> Your assignment:
Would you reproduce each of the records below precisely, with the pictures left out?
----------
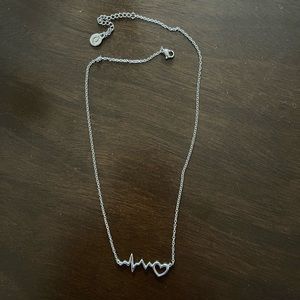 Never Worn Heart Beat Necklace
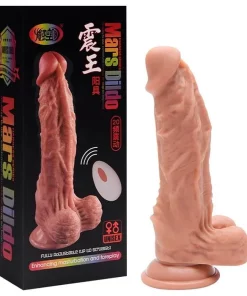 Pênis Realístico 20 Vibrações Mars Dildo 19,5Cm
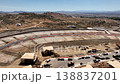 Aerial Orbit of a Busy Residential Housing Construction Site with Building Development Activity. 138837201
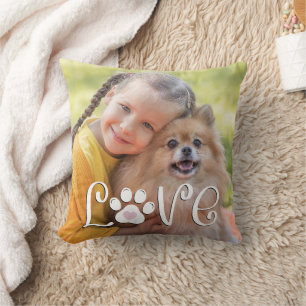 Niedliche Dog-LIEBE Foto drucken Kissen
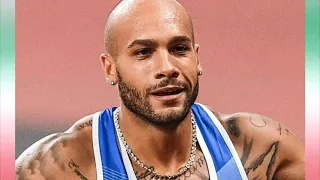 lamont jacobs has won gold in 100m Italian running lamont jacobs win gold medal tokyo olympic 2020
----------
> Answer to the problem:
 Never Worn Heart Beat Necklace
 Pênis Realístico 20 Vibrações Mars Dildo 19,5Cm
 Aerial Orbit of a Busy Residential Housing Construction Site with Building Development Activity. 138837201
 Niedliche Dog-LIEBE Foto drucken Kissen
 lamont jacobs has won gold in 100m Italian running lamont jacobs win gold medal tokyo olympic 2020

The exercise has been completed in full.